◆ ENTRIES SHOWN
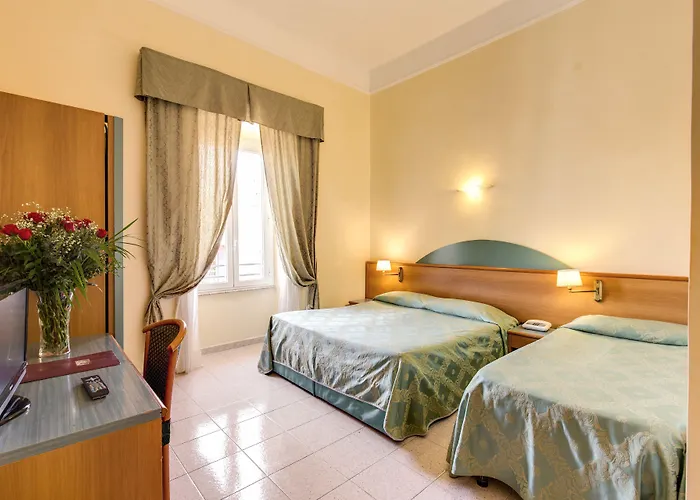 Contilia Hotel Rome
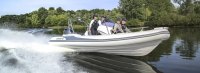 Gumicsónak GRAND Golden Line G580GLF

--

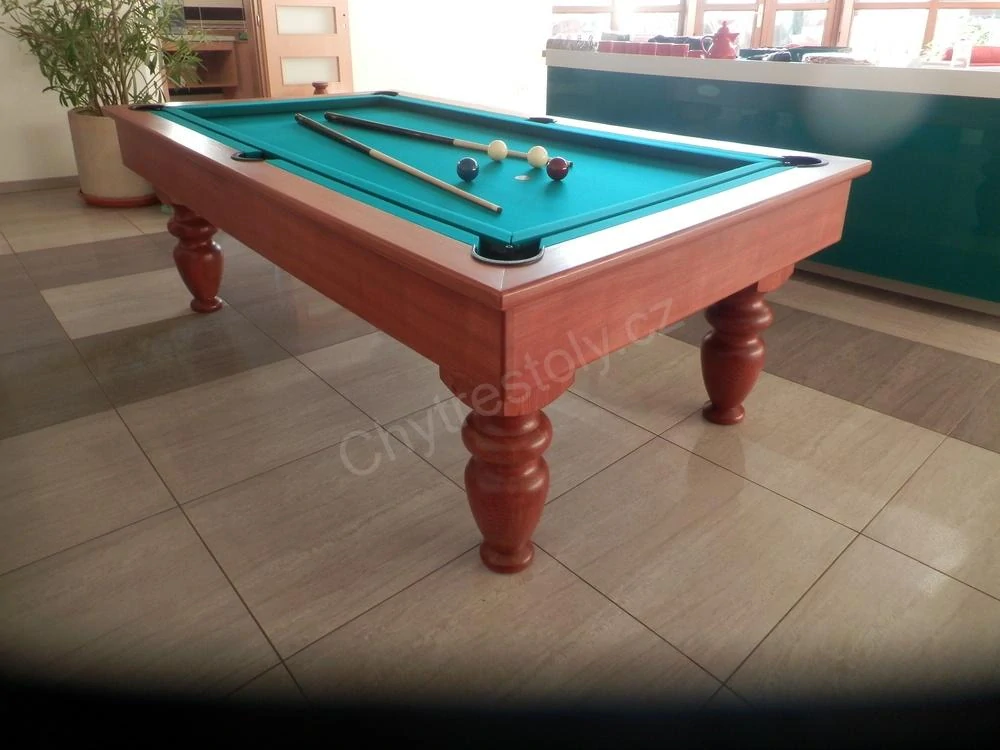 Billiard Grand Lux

◆ EXERCISE REQUIREMENTS
Reproduce exactly the lines of the data above that run from the line with "Contilia Hotel Rome" down to the line with "Gumicsónak GRAND Golden Line G580GLF", both ends included. Pictures do not belong in the copy.

◆ TASK RESULT
 Contilia Hotel Rome
 Gumicsónak GRAND Golden Line G580GLF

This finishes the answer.